__Exercise objective__:
The stretch wanted below opens at the line containing "清代民国堂号老纸套装 商品图12" and closes at the line containing "Costume adulte unisexe". Please return it exactly, with no other lines.

__Dataset content__:

###

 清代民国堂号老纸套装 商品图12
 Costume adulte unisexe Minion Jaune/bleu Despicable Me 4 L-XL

###

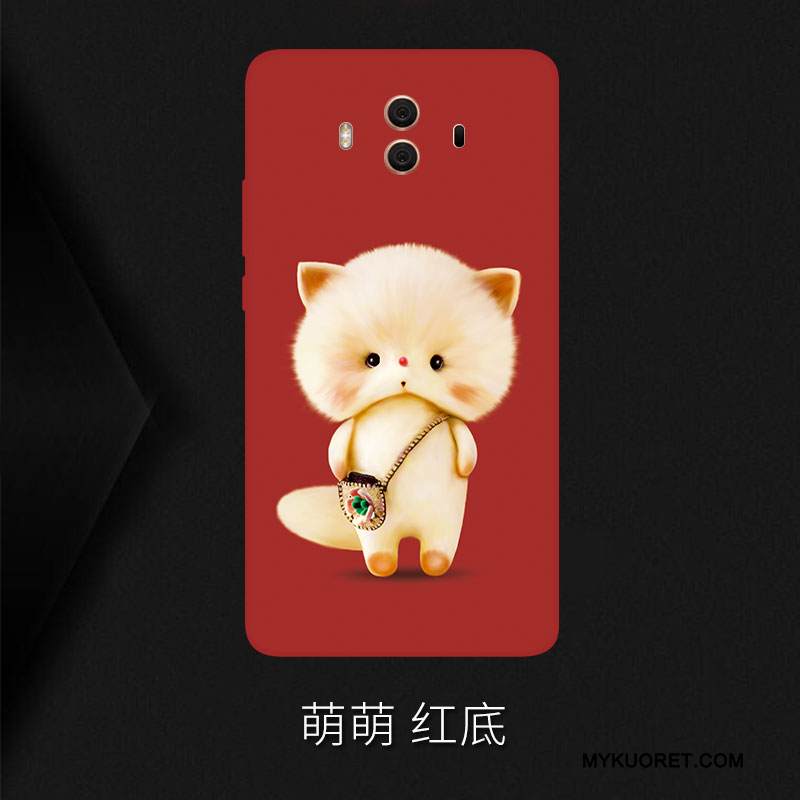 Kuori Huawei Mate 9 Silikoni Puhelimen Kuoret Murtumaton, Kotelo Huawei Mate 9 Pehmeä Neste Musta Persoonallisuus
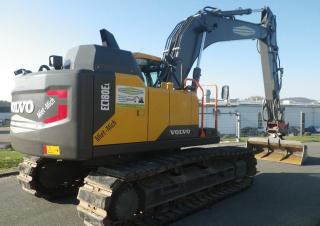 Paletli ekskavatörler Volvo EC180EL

###

__Result for this exercise__:
 清代民国堂号老纸套装 商品图12
 Costume adulte unisexe Minion Jaune/bleu Despicable Me 4 L-XL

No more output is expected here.